Se as palavras “ética” ou “moral” são compreendidos como um sistema de regras, então tanto o gnosticismo quanto a quimbanda se opõe a ambos.
Nós, assim como os outros grupos gnósticos, acreditamos que as leis são obstáculos para descobrir a própria divindade interior, e por isso acreditamos que tanto o gnosticismo quanto com a Quimbanda sejam uma viagem no reino proibido e ilegal.
Os espíritos que pertencem a Quimbanda possuem estas características amorais e antiéticas, demonstrando aversão às leis e representando a oposição dos valores que a sociedade vigente dominante tenta impor.
Estas entidades não possuem apenas estas características antiéticas
e amorais que se assemelham aos aspectos do gnosticismo, mas também estão ligadas a muitas outras características como a rebeldia, a irreverência e a busca para a ruptura da essência dogmática.
Nós entendemos que tanto no gnosticismo quanto na Quimbanda se manifestam princípios de rejeição as leis dos homens e as leis de Deus( o Deus de Abraão/o arquiteto do universo/ chamado de Demiurgo pelos gnósticos).
As entidades da quimbanda demonstram não somente através de atos, mas também convocam àqueles que buscam seus ensinamentos a diluição das regras, ordens, leis, e a entrega total aos desejos que brotam no coração de forma misteriosa e intuitiva, ensinamentos estes que consideramos puramente gnósticos.
O fato das entidades da Quimbanda assumirem essa postura amoral e sem lei e se apresentarem como o lado marginal e caótico, não significa que devemos mergulhar em excessos e depravações, tomando atitudes irracionais. Em verdade, um indivíduo não preparado que se arrisca a viajar no mundo do “sem lei, proibido e ilegal”, está fadado a se afundar “no lado negro” dos vícios e do descontrole, e não poderá possuir a capacidade de compreender e transcender a tudo isto.
Auto — conhecimento, auto — disciplina e auto — domínio são os princípios básicos para se obter gnose, e são adquiridos através de experiências pessoais. Através das experiências pessoais devemos fazer uma análise íntima e reflexiva de nós mesmos, e através dessa introspecção podemos evoluir e passamos cada vez mais a saber onde estamos pisando, onde queremos chegar e quais atitudes devemos tomar e consequentemente, de forma racional, passar por cima de todas as leis que estejam nos impedindo de alguma forma de atingir nossos objetivos e de evoluir.

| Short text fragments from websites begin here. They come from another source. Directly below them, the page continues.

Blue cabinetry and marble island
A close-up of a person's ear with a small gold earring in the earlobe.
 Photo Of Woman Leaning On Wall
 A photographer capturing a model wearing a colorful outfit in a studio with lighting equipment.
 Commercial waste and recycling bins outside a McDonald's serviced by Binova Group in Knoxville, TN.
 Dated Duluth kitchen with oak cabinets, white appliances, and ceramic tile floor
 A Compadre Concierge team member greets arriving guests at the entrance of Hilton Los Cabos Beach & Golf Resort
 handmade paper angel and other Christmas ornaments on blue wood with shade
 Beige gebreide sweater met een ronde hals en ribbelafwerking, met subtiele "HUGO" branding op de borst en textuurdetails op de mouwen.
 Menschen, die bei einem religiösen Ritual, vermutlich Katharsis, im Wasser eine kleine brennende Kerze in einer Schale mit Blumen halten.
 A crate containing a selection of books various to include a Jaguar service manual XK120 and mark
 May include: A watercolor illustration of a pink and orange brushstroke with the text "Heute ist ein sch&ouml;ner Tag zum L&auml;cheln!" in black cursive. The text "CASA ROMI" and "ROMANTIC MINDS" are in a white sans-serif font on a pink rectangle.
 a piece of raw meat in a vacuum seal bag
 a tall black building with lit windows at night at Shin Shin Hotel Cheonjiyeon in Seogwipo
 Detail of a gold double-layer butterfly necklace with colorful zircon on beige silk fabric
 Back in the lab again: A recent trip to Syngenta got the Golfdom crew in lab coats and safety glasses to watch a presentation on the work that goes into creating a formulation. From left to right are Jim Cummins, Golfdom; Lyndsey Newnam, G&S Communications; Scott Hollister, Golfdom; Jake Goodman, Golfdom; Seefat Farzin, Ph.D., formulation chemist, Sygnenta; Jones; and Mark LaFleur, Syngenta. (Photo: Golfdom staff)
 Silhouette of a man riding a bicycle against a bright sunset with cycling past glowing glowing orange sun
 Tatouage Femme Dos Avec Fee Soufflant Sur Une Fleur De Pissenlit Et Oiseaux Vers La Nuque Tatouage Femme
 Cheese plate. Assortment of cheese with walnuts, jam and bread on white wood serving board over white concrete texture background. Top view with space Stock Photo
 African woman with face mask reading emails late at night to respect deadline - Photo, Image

Podemos citar ainda outros aspectos gnósticos na Quimbanda, por exemplo, podemos dizer que só há gnosticismo onde houver insolência, rebeldia, impaciência, imaginação, um humor ácido peculiar, sarcasmo, ou um mau humor, comportamentos estes típicos nas manifestações das entidades da Quimbanda.
Nestas manifestações, assim como nos ensinamentos gnósticos, são demonstrados que à obediência às leis morais, a prática da virtude, ou a “bondade” não são requisitos substitutivos para se chegar à plenitude do ser.
Acreditamos também que os Exus Catiços como espíritos divinizados, reforça a convicção da identidade divina do homem descrita no gnosticismo. Identidade esta que é alcançada através de um processo estritamente pessoal, um processo evolutivo, alquímico.
Tanto o gnosticismo quanto a Quimbanda também possuem carácteres iniciáticos e esotéricos, porque somente alguns poucos seres são capazes de receber este conhecimento e absorve-lo, e assim desafiar e ir de encontro às normas e as leis, não aceitando nenhuma limitação, a não ser aquelas que impõem neles mesmos.